2006-06-01 23:49:57  Category: 每日導讀  By: Travel Blog  Technorati Search

跨越唐古拉:比宗教先行的是商品

  我們進到崗尖茶館的時候,一桌子人正在打麻將。我表明了來意,想去牧民家採訪。沱沱河兩邊30~300公里兩邊都有牧民,走一段公路後還要拐到便道上,才能到牧區。最近的就是扎西家。扎西上來就直勾勾看著我問:“你給多少錢?”“30公里麼,在你家住一晚明早你再送我回到這個茶館,一百塊錢怎樣?”“太少了,要兩百。”
圖片:青藏公路和青藏鐵路相伴而行 攝影:關海彤

  “兩百?我從格爾木包出租車上來才1公里1塊錢,我再付給你吃飯的錢,一百塊錢也很多了。”

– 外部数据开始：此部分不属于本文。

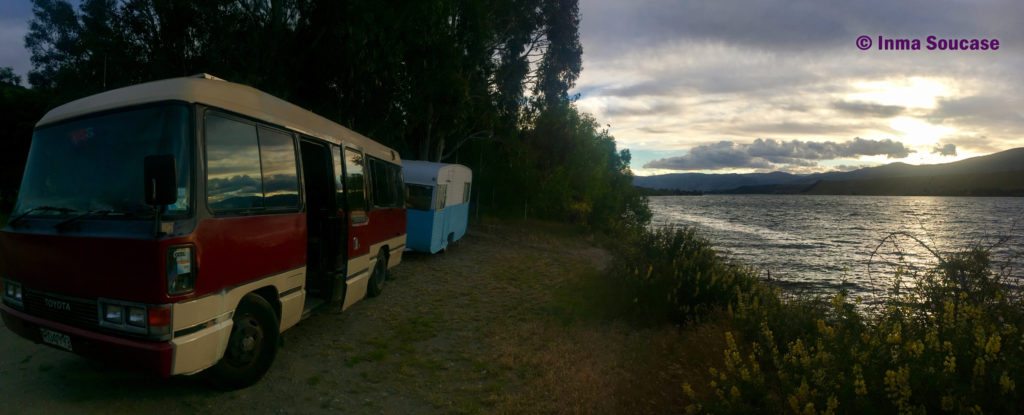 acampar autocaravana Nueva Zelanda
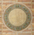 8 x 8 Vintage Round Indian Rug 74754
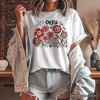 It's Okay Floral Affirmation T-Shirt, Boho White and Natural Motivational Tee for Kind and Inspirational Women| OrnamentallyYou - 4 of 4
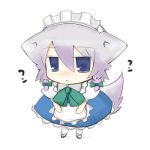  animal_ears bad_id chibi dog_ears dog_tail evangelline hairband inu_sakuya izayoi_sakuya lowres maid tail touhou 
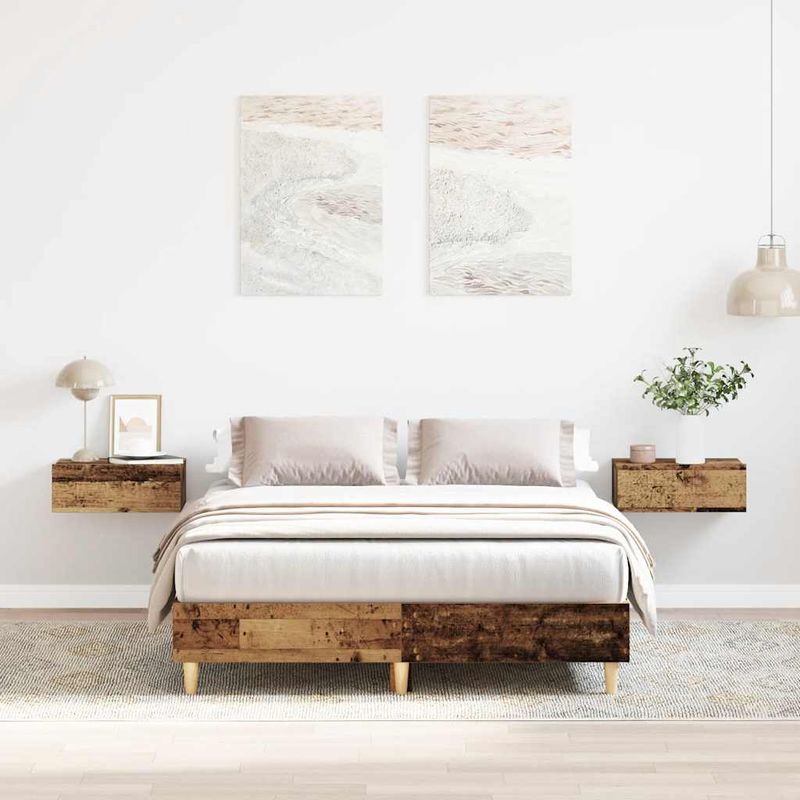 Casa si Gradina - Mobilier - Paturi si accesorii - Paturi - Cadru pat fara saltea Lemn vechi 120x200 cm Lemn prelucrat - Infinity.ro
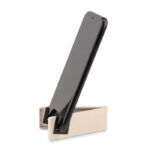 Support de smartphone en bois beige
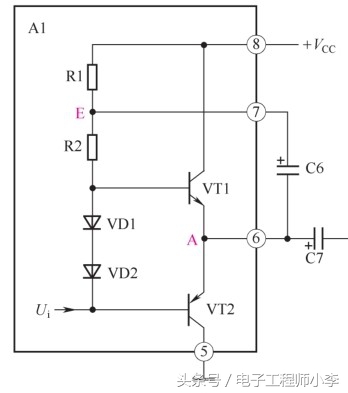 互补对称式otl功率放大器电路图,集成电路lm148功能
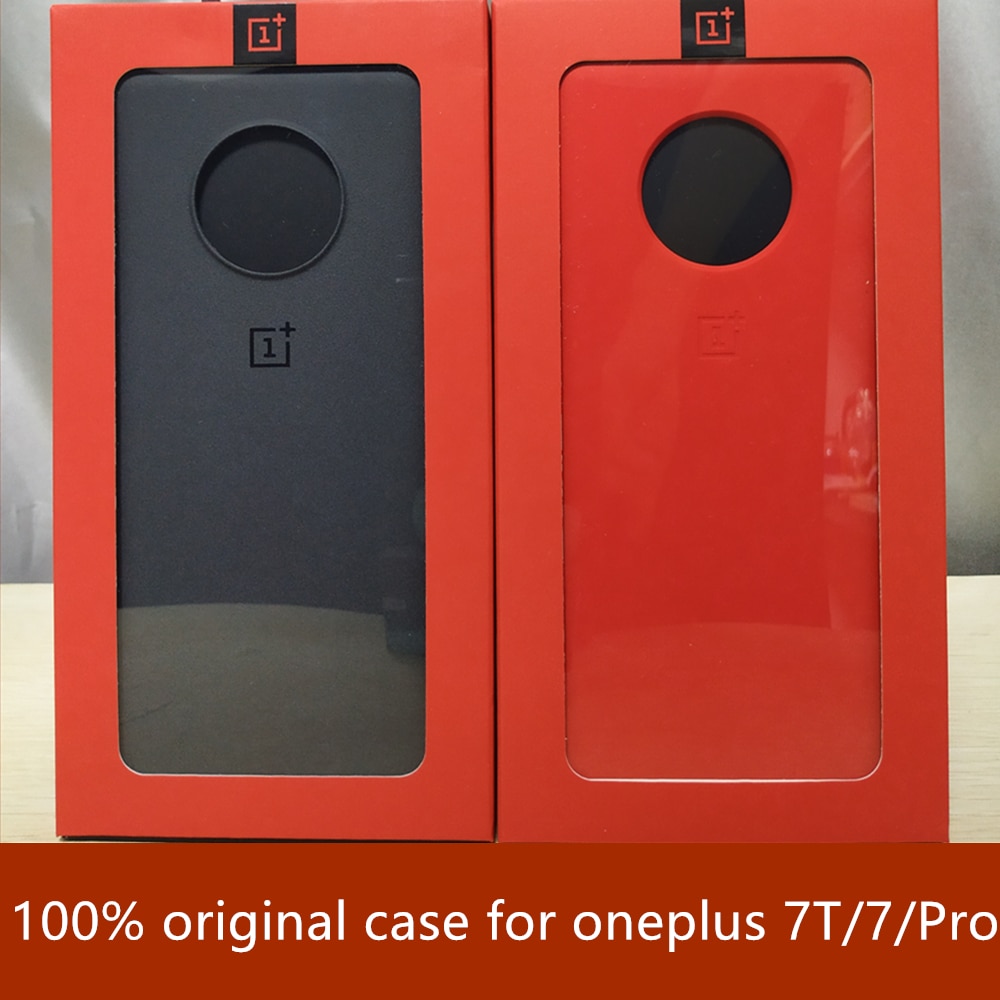 100% original back cover for oneplus 7T 7 pro protective case sandstone silicone nylon carbon fiber bumper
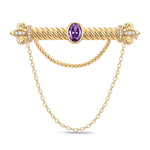 Solemn Fairness Tarnish-resistant Silver Brooch In 14K Gold Plated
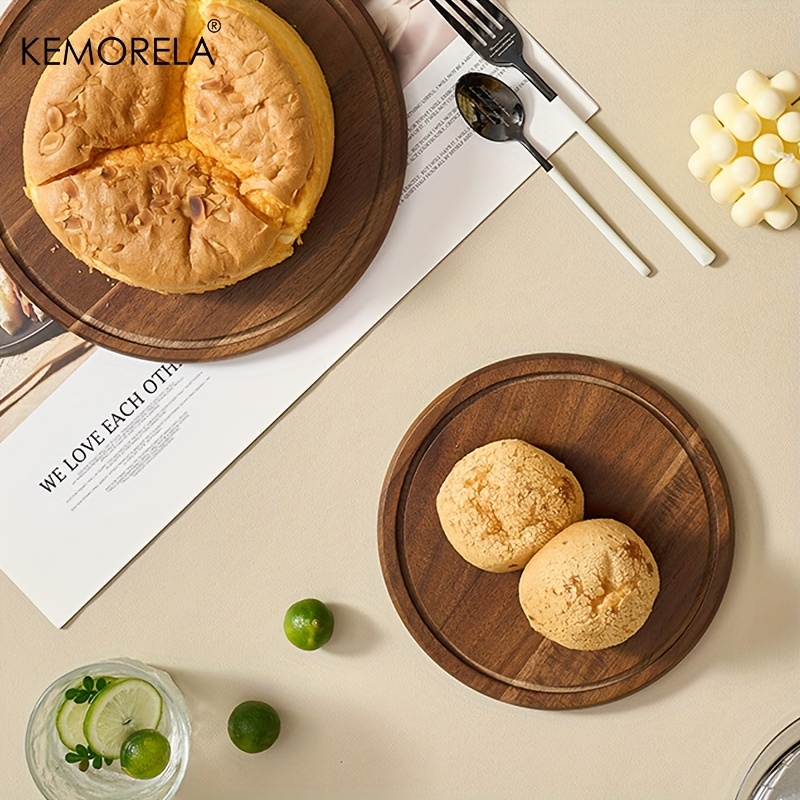 1PCS Round Wooden Cake Stand w - огляд і ціна Dim Sum Basket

  “吃飯,在我們家,不要錢。到我們家,明天你想什麼時候回來,我就送你回來。一共兩百塊錢。”

  怎麼說也沒用,一分錢也不降,看著天色將晚,格爾木來的出租車司機、一圈兒藏民都看著我。“好,就這樣,走吧。”我還能怎麼辦呢。

  我後來知道,扎西看起來熟練的討價還價實在並非他的油滑,並非他多麼善於和金錢打交道。在長年累月商品交流被迫的推動下,扎西這些唐古拉原住民們只是獲得另一種維持生存底線的本領而已,和他們與生俱來的放牧技巧沒什麼兩樣。

  而這個變化,從解放前,甚至更早就已經開始了。

  1954年王貴作為18軍一個參謀入藏的時候驚訝於一個奴隸社會向封建社會轉型的社會所具有的所有細節。“解放前,西藏的沙石公路僅有3華里,那是從達賴的羅布林卡到他的布達拉宮的一段路程。那時,十三世達賴有3部汽車:兩輛‘奧斯汀’,一輛‘道奇’。這些汽車都是從印度開到西藏邊境,然後拆成零件再由苦力和犛牛翻山越嶺馱到拉薩,再組裝起來的。”“那個時候的西藏可能是世界上最富庶同時又最貧窮的地方。”王貴說,這個地方富有金銀,而大眾的生活必需品又十分貧乏。底層人民搜集到的金銀都被大人物消耗了,上層社會成了龐大的蓄水池,這個遼闊地區的所有財富通過千萬條渠道流向那裡。這樣一來,錢幣囤積在特殊階級的私宅裡,另一方面生活必需品只能以高價購買,由於這種資本的混亂,大部分人陷入可怕的貧困。

  他說,當時他查看過《西藏經濟史》,有這方面記載:“1788年,1石米從雅安運至拉薩,需銀26兩;1791年,軍糧從內地運至西藏,每石需價30餘兩;若從藏地採辦,每石糧食不過3兩。”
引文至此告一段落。